How to Access Open Data Hub Data With R and SPARQL
Changed in version 2023.1: notify users of SPARQL endpoint reachable upon request only.
Datasets and their data in the Open Data Hub can be accessed using R, a software for statistical analysis and Open Data Hub’s SPARQL endpoint.
Warning
The SPARQL endpoint is currently not active, but can be activated upon request to . However, the ODH SPARQL portal, which contains sample data and queries, can be accessed at https://sparql.opendatahub.com/.
This howto shows you a method to retrieve data from the Open Data Hub, but does not address other features like, for example, plotting fetched data on a map.
It is also assumed you have already installed R on your workstation as well as the required R’s SPARQL library from CRAN.
Note
The SPARQL package is currently archived as apparently not maintained anymore.

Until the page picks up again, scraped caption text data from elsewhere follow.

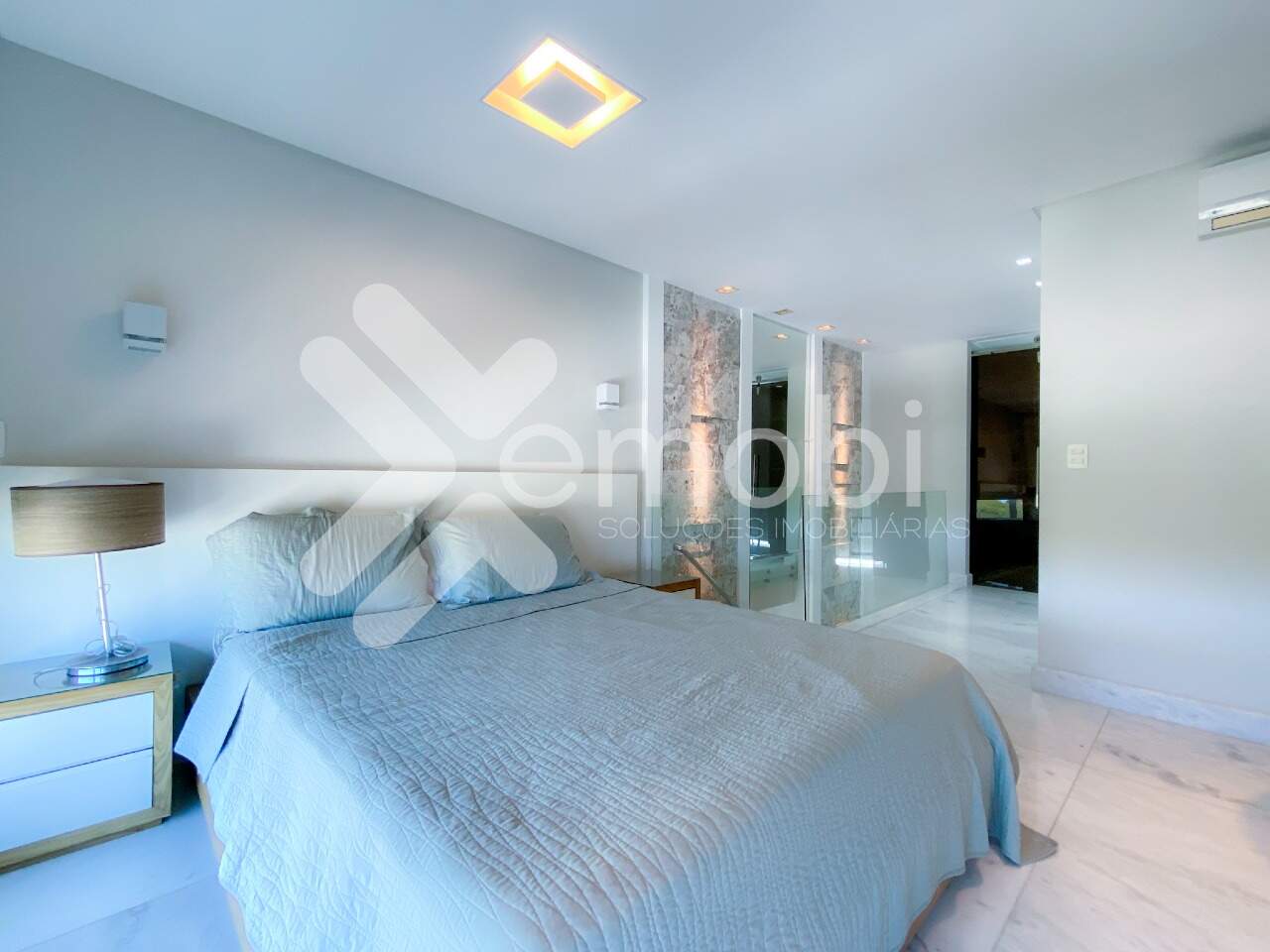 Apartamento para aluguelTirolNatal: 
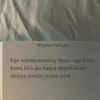 kakaknyamochi
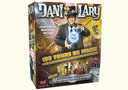 article de magie Coffret Pro Dani Lary + DVD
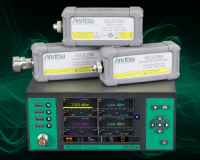 Anritsu&nbsp;Introduces&nbsp;ML2439A&nbsp;Power&nbsp;Meter&nbsp;with&nbsp;up&nbsp;to&nbsp;4&nbsp;Channels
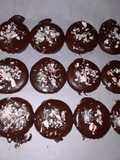 Cheaters Thin Mints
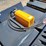 wolverine-brush-cutter-image-3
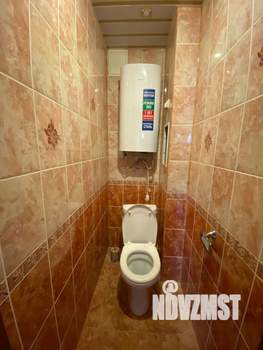 2-к квартира, на длительный срок, 60м2, 13/14 этаж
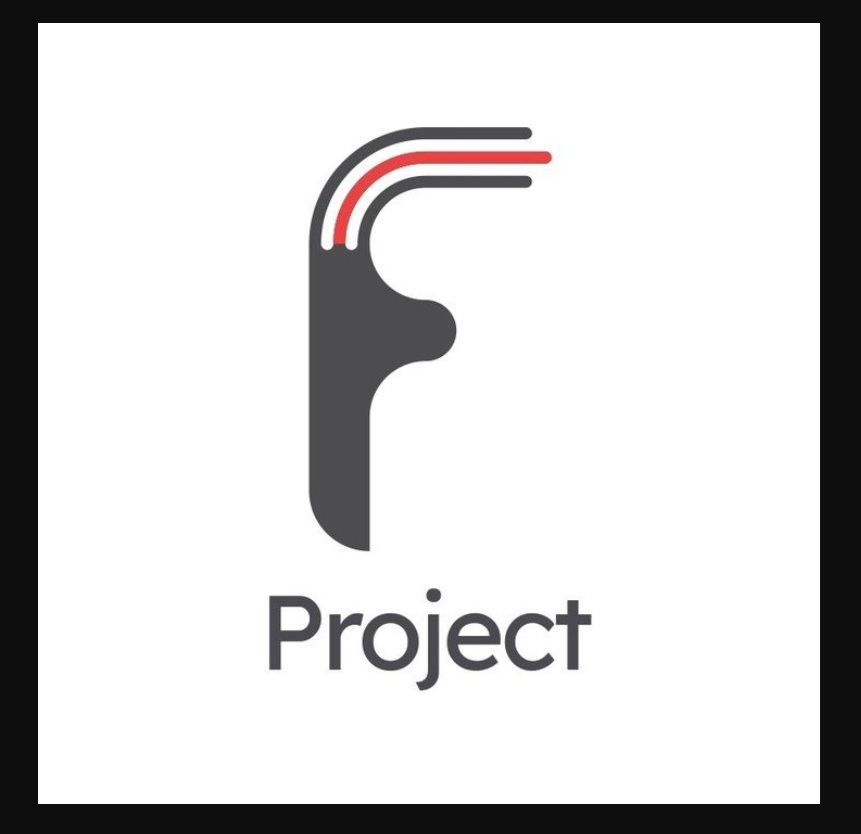 SDM - California - Los Angeles ID1617971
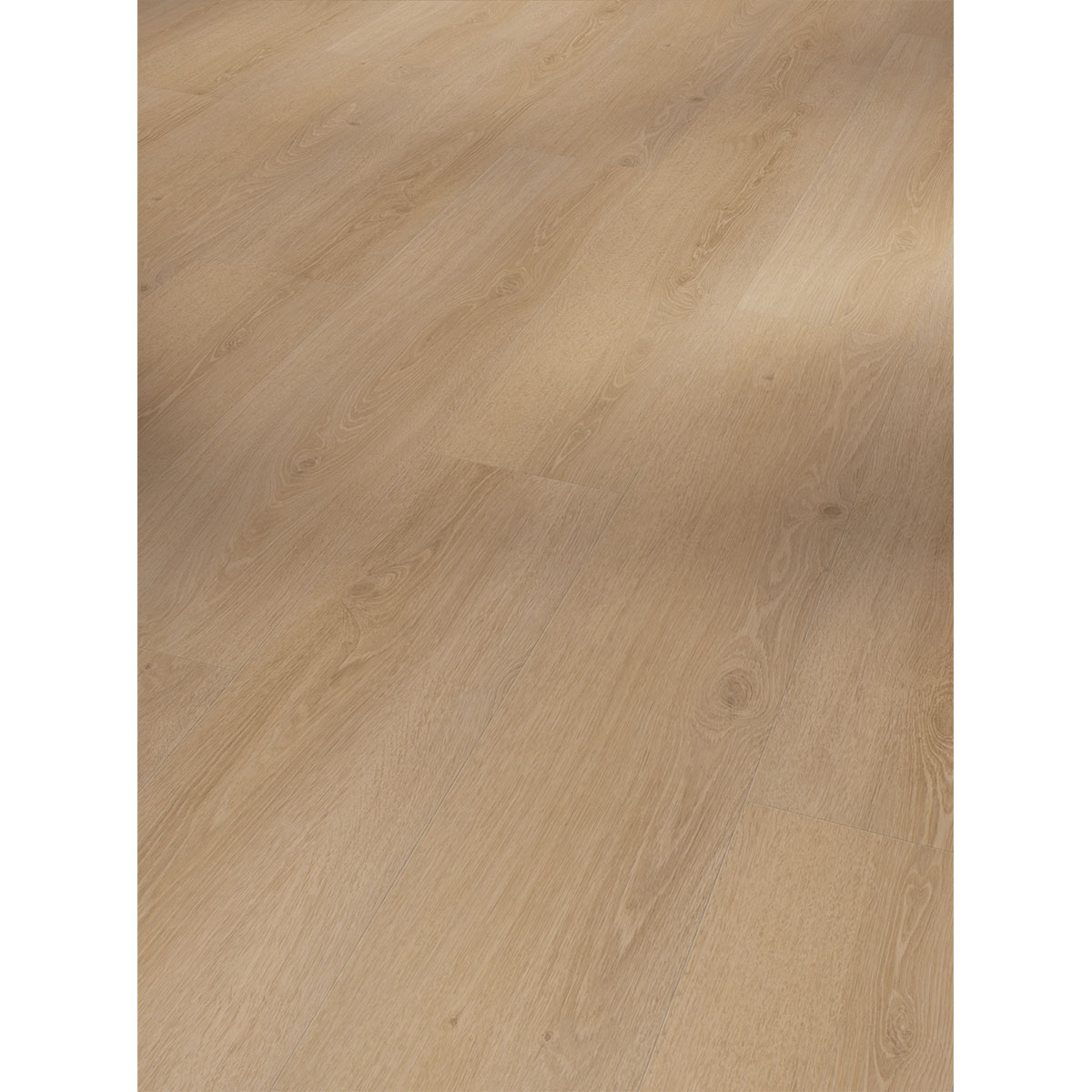 Parador Vinylboden Classic 2030 studioline Natur Holzstruktur 21,6 x 120,7 cm Bild 1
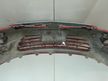 Бампер передний MITSUBISHI COLT Z23W (Контрактный) 45980462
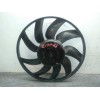 Recambio de electroventilador para saab 9-3 sport sedán vector referencia OEM IAM   GATE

In this howto, we use the latest version available, which is available at the above mentioned link.
Install SPARQL library
To install the SPARQL library, simply execute on Debian-like systems:
~# Rscript -e "install.packages('SPARQL')"
Installing package into ‘/usr/local/lib/R/site-library’
(as ‘lib’ is unspecified)
trying URL 'https://cloud.r-project.org/src/contrib/SPARQL_1.16.tar.gz'
Content type 'application/x-gzip' length 6548 bytes
==================================================
downloaded 6548 bytes
* installing *source* package ‘SPARQL’ ...

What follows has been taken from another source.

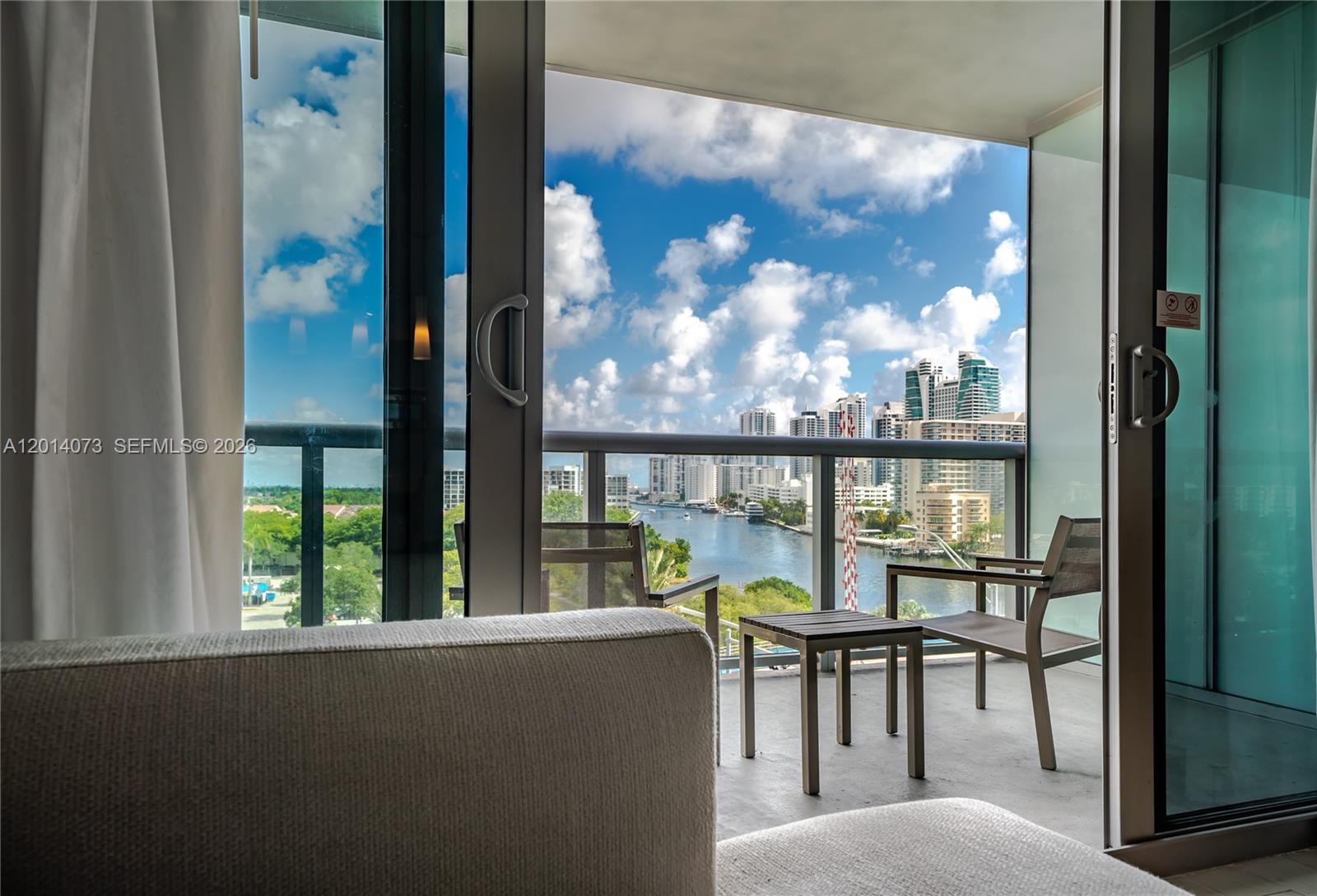 2602 E Hallandale Beach Blvd # R806, Hallandale Beach FL 33009 photo 3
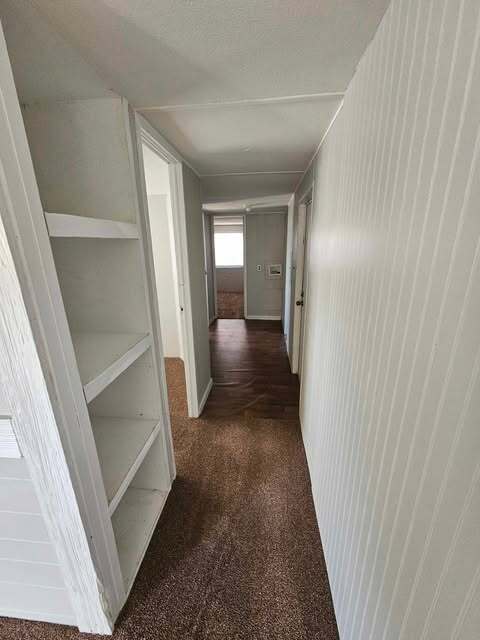 Photo - Braswell Mobile Home Park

** package ‘SPARQL’ successfully unpacked and MD5 sums checked
** R
** byte-compile and prepare package for lazy loading
** help
*** installing help indices
** building package indices
** testing if installed package can be loaded
* DONE (SPARQL)
The downloaded source packages are in
‘/tmp/RtmpISkL9Z/downloaded_packages’
If you see the message * DONE (SPARQL), the installation was successful.

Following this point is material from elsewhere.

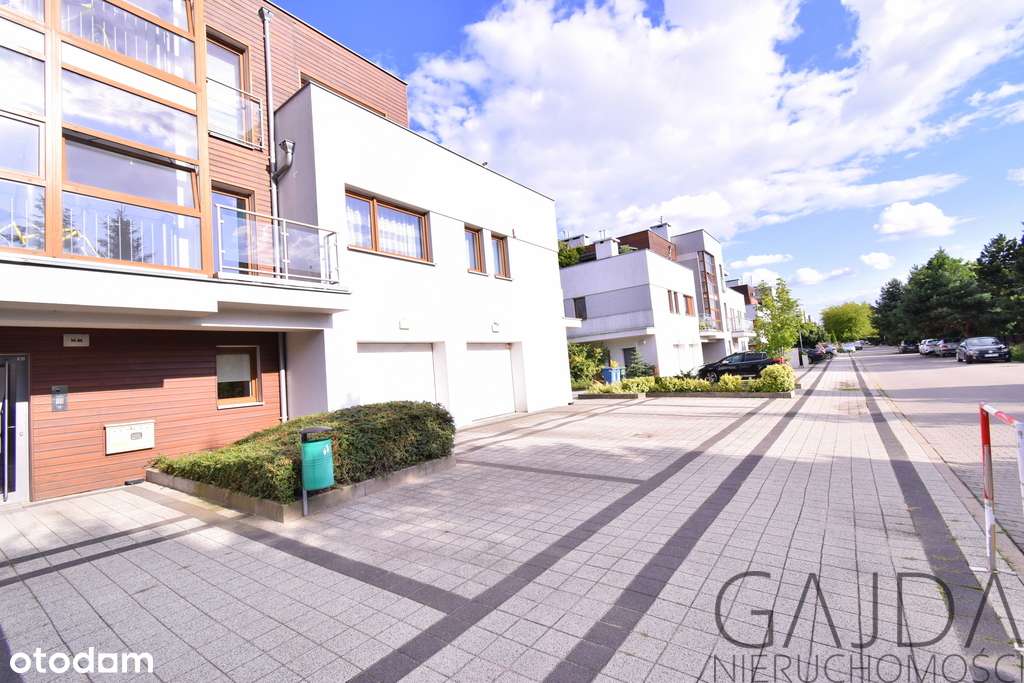 Przestronny apartament Błażeja!-16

If you see instead any ERROR, like those reported below, please refer to section Troubleshooting:
Warning messages:
1: In install.packages("SPARQL") :
installation of package ‘RCurl’ had non-zero exit status
2: In install.packages("SPARQL") :
installation of package ‘SPARQL’ had non-zero exit status
In order to fetch data, you need:
An endpoint, which for Open Data Hub is https://sparql.opendatahub.com/sparql
a SPARQL query, that you can simply copy from one of the precooked queries at https://sparql.opendatahub.com/ We’ll be using this one:
PREFIX schema: <https://schema.org/> PREFIX geo: <http://schemas.opengis.net/geosparql/1.0/geosparql_vocab_all.rdf#> PREFIX noi: <https://noi.example.org/ontology/odh#> SELECT ?pos ?posLabel WHERE { ?p a noi:Pizzeria ; geo:asWKT ?pos ; schema:name ?posLabel ; schema:geo ?geo . FILTER (lang(?posLabel) = "it") } LIMIT 10
An R script to put all together
1library(SPARQL) 2 3endpoint <- "https://sparql.opendatahub.com/sparql" 4 5query <- 6'PREFIX schema: <https://schema.org/> 7PREFIX geo: <http://schemas.opengis.net/geosparql/1.0/geosparql_vocab_all.rdf#> 8PREFIX noi: <https://noi.example.org/ontology/odh#> 9 10SELECT ?pos ?posLabel 11WHERE { 12 ?p a noi:Pizzeria ; 13 geo:asWKT ?pos ; 14 schema:name ?posLabel ; 15 schema:geo ?geo . 16 FILTER (lang(?posLabel) = "it") 17} 18LIMIT 10' 19 20result_set <- SPARQL(endpoint,query) 21print(result_set)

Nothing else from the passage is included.